Tommer Argaman comments on Research Agenda v0.9: Synthesising a human’s preferences into a utility function

Tommer Argaman 17 Feb 2022 21:45 UTC
3 points
Thank you for writing this, It has been very informative and thought provoking to read.
This requires identifying the actual and hypothetical internal variables of a human, and thus solving the “symbol grounding problem” for humans; ways of doing that are proposed.
It seems to me that in order to do what this research agenda suggests, one would need to not only solve the “symbol grounding problem” for humans, but also solve it for the FSI in question; that is, we must know how to integrate partial preferences into $U_{H}$ in a way that allows them to be relevant to the world through the FSI’s model of reality, body, and actions. Just solving symbol grounding for humans does not promise us this, and thus does not promise us that our extraction of partial preferences will give a coherent agent. In more straightforward ML scenarios, such as in a game, the symbol grounding problem for the agent is automatically solved, to a certain degree and with respect to the game it is developed to play, in a holistic way that takes into account its actions and “senses”—and to us this looks like a black box. Does this research direction have a solution to this problem, which could seemingly alternatively be (partially) overcome by blunt RL in the real world?

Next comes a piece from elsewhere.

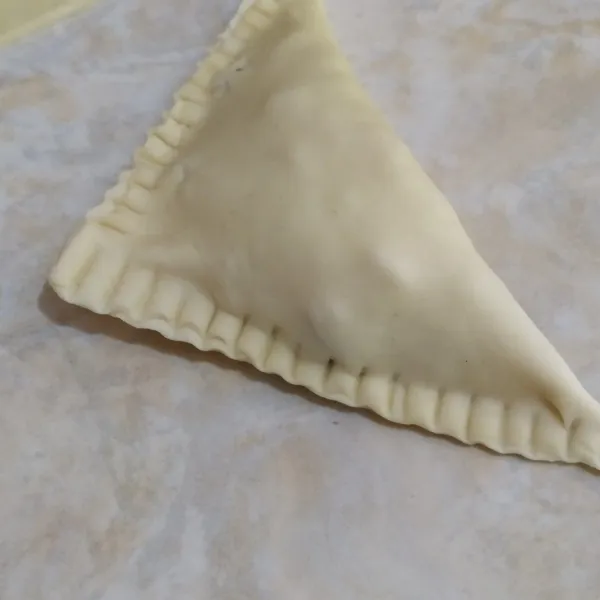 Lipat, tekan bagian tepi dengan garpu. Olesi kuning telur . Dan panggang di suhu 200° selama 10 menit.( sesuaikan oven masing-masing).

Also, if we have a solution to the symbol grounding problem for both humans and the FSI, couldn’t we just demand that $U_{H}$ reflect the grounding of what “human values” mean to humans in the internal symbol language of the FSI, without need for worrying about specific partial preferences?
I am curious to know what you think of the existence of a second “symbol grounding problem”—under what circumstances can we solve it, and do we get an immediate solution for $U_{H}$ if it is solved?
Please let me know if I missed something relevant rendering my questions silly.